Methods: Latent growth mixture modeling was employed to classify patients into distinct postoperative recovery trajectories based on PCS trends. To identify independent predictors of trajectory membership, multinomial logistic regression was performed, with variable selection refined through least absolute shrinkage and selection operator regression (LASSO) regression. Model performance was assessed using area under the receiver operating characteristic curve (AUC) for discrimination and decile-based calibration plots with bootstrap validation.
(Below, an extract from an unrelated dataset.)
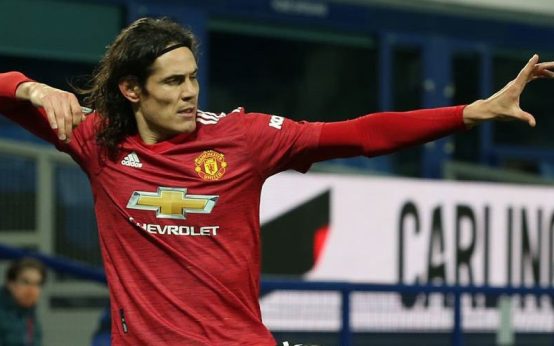 Selebrasi Edinson Cavani © MUFC Official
Results: Four distinct PCS recovery trajectories were identified: Low-to-High (L-H, 7.3%), High-to-High (H-H, 44.9%), Low-to-Low (L-L, 37.7%), and Initial-Decline (I-D, 10.1%). Preoperative lower extremity function emerged as the strongest predictor of trajectory class, reflecting the baseline QOL. Additional significant predictors included age, smoking history, symptom duration, and cervical spine function. Particularly, reduced cervical function at baseline was found to be a significant predictor of unfavorable QOL at 24 months. The prediction model demonstrated good discriminatory performance following least absolute shrinkage and selection operator (LASSO) regression for common classes (AUCs: H-H=0.86, L-L=0.80) and moderate performance for L-H class (AUC 0.74). However, accuracy was limited for the I-D class (AUC = 0.63), and calibration was compressed in rarer classes due to class imbalance.
Conclusions: Distinct patterns of postoperative recovery exist among DCM patients, with baseline physical function and patient characteristics significantly influencing QOL trajectory. While predictive models reliably distinguished major recovery patterns, less frequent trajectories, particularly those involving deterioration, were difficult to forecast. These findings support the utility of trajectory modeling and patient-reported outcome measures to enhance individualized surgical prognostication in DCM.
Keywords: 36-item short form health survey; Cervical spondylotic myelopathy; Degenerative cervical myelopathy; Japanese Orthopaedic Association Cervical Myelopathy Evaluation Questionnaire; Latent growth mixture modeling; Ossification posterior longitudinal ligament; Trajectory analysis.
Copyright © 2025 The Author(s). Published by Elsevier Inc. All rights reserved.
Conflict of interest statement
Declaration of competing interest The authors declare that they have no known competing financial interests or personal relationships that could have appeared to influence the work reported in this paper.